A test that drives the device without a GPU fixture is caught at runtime: if it
errors with a missing-GPU message while ungated, the report gains a hint to add
the fixture or `@pytest.mark.vulkan`.

## Where results live

Resolved from `$SIMVX_PERF_DIR`, defaulting to `<repo>/.perf/`:

```
.perf/history/<host>/<suite>.jsonl   append-only, one line per measured point
.perf/baseline/<host>.json           {record_key: record} pinned baseline
.perf/reports/<timestamp>.{md,json}  consolidated drift report per run
```

A record is keyed by `(suite, name, backend, count, metric)` and stamps the machine
(host, CPU, GPU, Python build incl. free-threaded, git commit), the headline metric, and
percentiles. The `run_benchmarks.py` report is a table of *value vs baseline vs Δ vs
verdict* (`ok` / `regressed` / `improved` / `new`).

## Pass / fail

The first run on a machine has no baseline: every point is **seeded** and passes. After
you `--update-baseline`, subsequent runs compare against it and **fail** when a metric
moves more than the tolerance (default 20%) in the worse direction.

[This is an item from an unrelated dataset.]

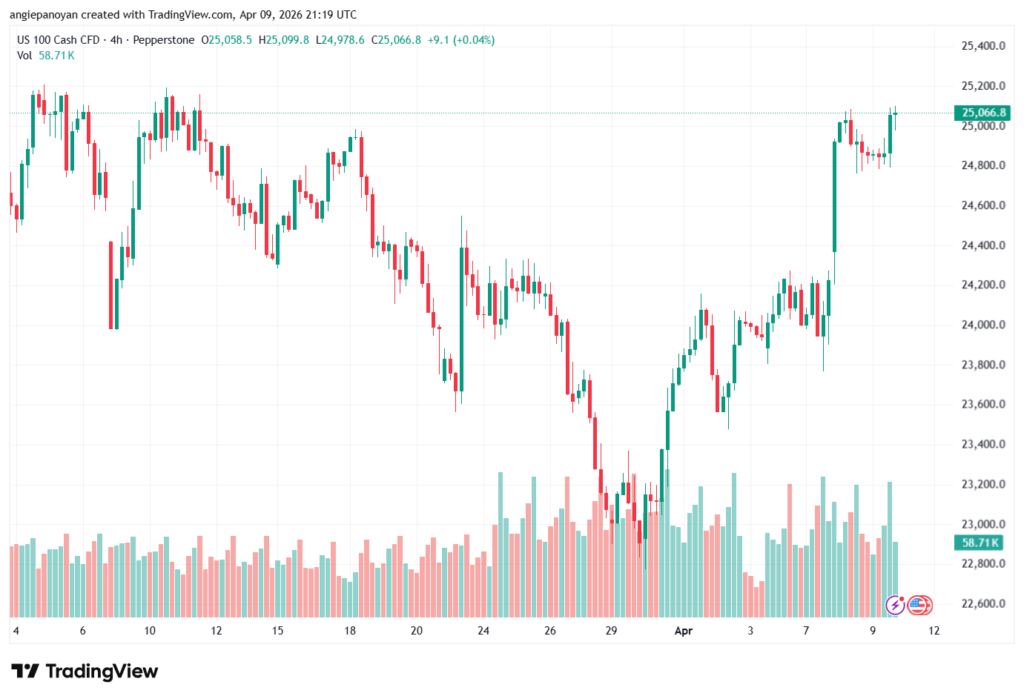 تحليل مؤشر ناسداك الفني US100-NASDAQ-10-04-2026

For frame-time metrics
lower is better; limit-style metrics (e.g. *max objects at 60 FPS*) set
`lower_is_better=False` so higher is better.

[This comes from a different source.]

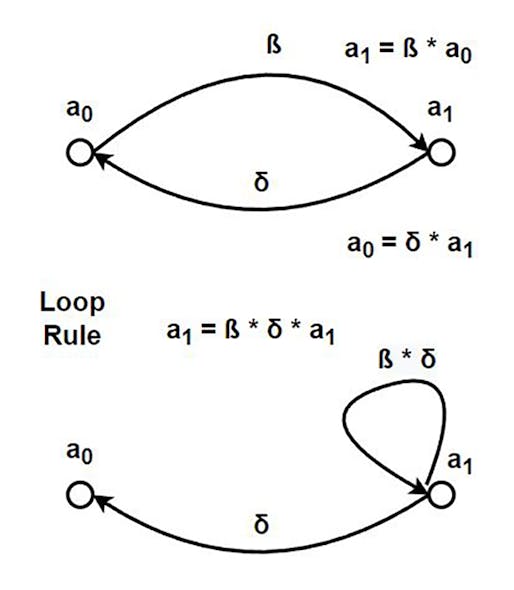5. When two signal paths are connected in parallel but with opposing directions, the parallel rule doesn&rsquo;t apply. Thus, one must consider the two equations represented by the arrows. As shown here, one of the signal paths is replaced with a &ldquo;loop.&rdquo;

When you intentionally change performance, re-pin with `--update-baseline` and note the
reason in your commit.

## Optional acceleration backends

Some subsystems have (or will have) an accelerated path alongside a pure-Python fallback.
Benchmarks stamp a `backend` onto each record so the two never mix in history:

- **Physics** records `backend="python"` today. When the Jolt path lands, its arm records
  `backend="jolt"` and skips when the optional dependency is absent.
- The occlusion-culling benchmark records `occlusion_on` / `occlusion_off` as backends so
  the Hi-Z cull's payoff (drawn vs total instances) is tracked as its own series.

## Authoring a benchmark

Use the shared harness in `simvx.core.testing.benchmark` and the `perf_recorder` fixture:

```python
import pytest
from simvx.core.testing import bench_headless_render

pytestmark = pytest.mark.perf


@pytest.mark.vulkan
def test_my_scene(perf_recorder):
    result = bench_headless_render(MyScene, frames=60, warmup=10, n=10_000,
                                   telemetry_keys=("transform_high_water",))
    perf_recorder.record(result)
```

- `bench_scene_runner(root, frames)` -- CPU-only (no GPU), via `SceneRunner`.
- `bench_headless_render(scene_or_cls, frames, ...)` -- full headless Vulkan render; copies
  named `app.last_telemetry` keys (GPU phase times, occlusion counts, instance high-water)
  into the result.
- `perf_recorder.record(result)` appends to history, compares to baseline, and (on teardown)
  fails the test on regression unless `--perf-report-only`.

Keep counts as a sweep to capture the scaling curve, and note any engine ceiling you hit
(e.g. the GPU draw-batch cap) in the test rather than silently staying under it.